Çetin, yaptığı yazılı açıklamada, yazılı ve görsel medyada şahsıyla ilgili akseden olay ve ifadelerin kesinlikle yanlış olduğunu ve hakikatı yansıtmadığını savundu.
"Daha önce hiç görmediğim, tanımadığım ama sonradan Meclis çalışanı olduğunu öğrendiğim, yanlız başına yürümekte olan bir bayana ahlaksız ve edepsizce yapılan sarkıntılığa, ahlaklı, ilkeli her Türk vatandaşı gibi insani ve medeni bir şekilde müdahalede bulundum" ifadesini kullanan Çetin, açıklamasında şu görüşlere yer verdi:
"İnsanların şahsi hayatlarına ve özgürlüklerine Meclis giriş merdivenlerinde saldırılmasına, kayıtsız kalmamı vicdanım engelledi. Bu mevzunun saptırıldığı, kasıtlı olarak yanlış ifade edildiği açıktır. Bu yalan haberle kendilerine mesleki ve hatta siyasi prim yapmaya çalışan, basit, provakatif bir dezenfermoasyon örneği olarak bir kez daha aynı odaklar tarafından sergilenmektedir."
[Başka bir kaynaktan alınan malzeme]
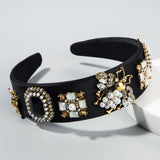 Queen Bee Headbands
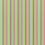 Cork Street Stripe Fabric Designers Guild Emerald FDG3213/02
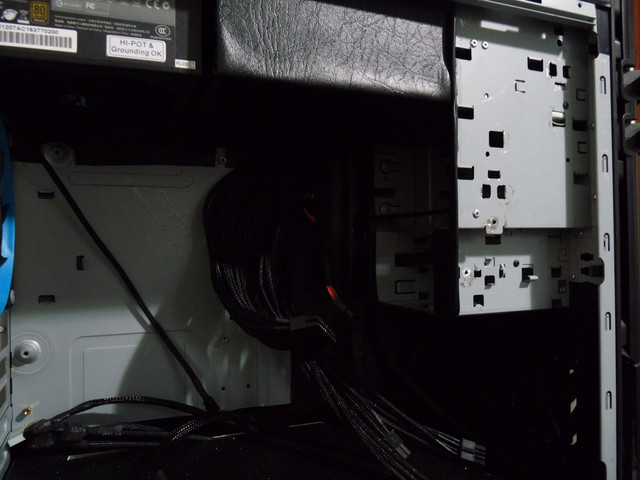 PC Project 232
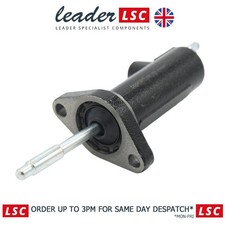 Clutch slave cylinder mercedes - clutch,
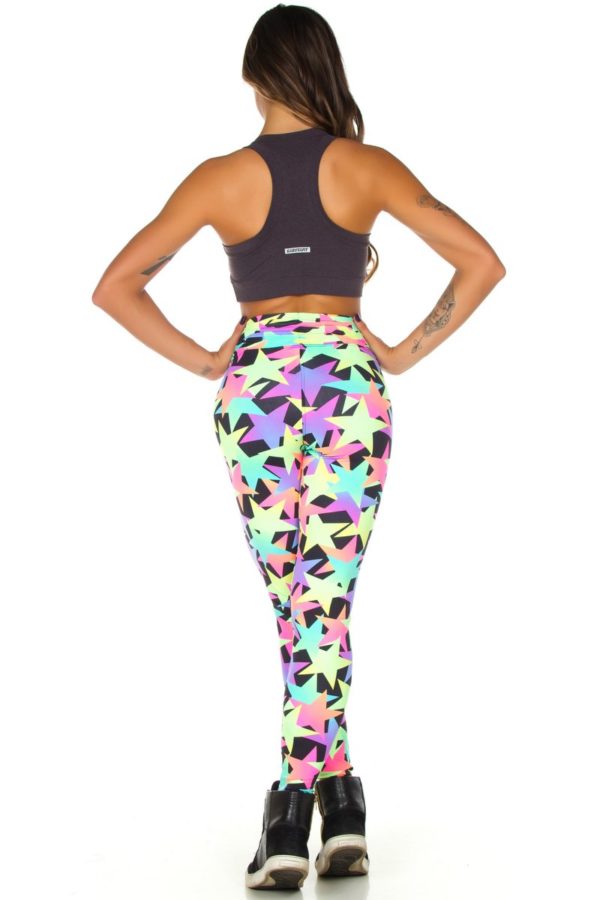 Leggings Star - Image 2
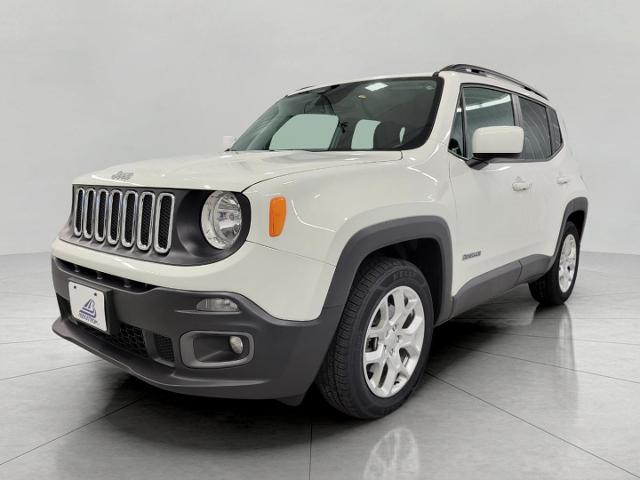 2018 Jeep Renegade Vehicle Photo in Neenah, WI 54956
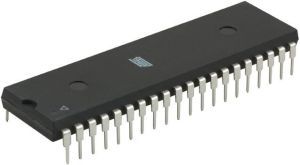 Microcontroller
Meclis güvenlik kamera kayıtlarından, güvenlik görevlileri ve orada bulunan şahitlerin meseleyi gördüğünü, gazete ve internette rapor edilen iftira ve ithamların tamamıyle gerçek dışı, fabrikasyon olduğunun açıkça tespit edildiğini belirten Çetin, "Olay Meclis Koruma Daire Başkanlığı'nın tutanağında, 'gerek görevlilerimizin olaya müdahil olduğu andan itibaren, gerekse kamera görüntülerinin incelenmesi neticesinde, Kanal B muhabirlerinin iddia ettikleri gibi darp ve cebir olayının söz konusu olmadığı tespit edilmiştir' şekliyle yer almıştır" dedi.
Çetin, "itham edildiği gibi fiili hiçbir müdahale söz konusu olmadığı, işin basit bir muhabir olayı olarak abartıldığı bizzat Meclis İdare Amiri, muhalefet grup başkanvekili tarafından şahısların dinlenilmesi, kayıtların defaten seyredilmesi neticesinde olayın itham ve iftira edildiği ve gazetelere yansıyan şekliyle doğru olmadığı, hiçbir emele hizmet edecek şekilde büyütülmemesi gerektiği kanaatine varıldığını" belirtti.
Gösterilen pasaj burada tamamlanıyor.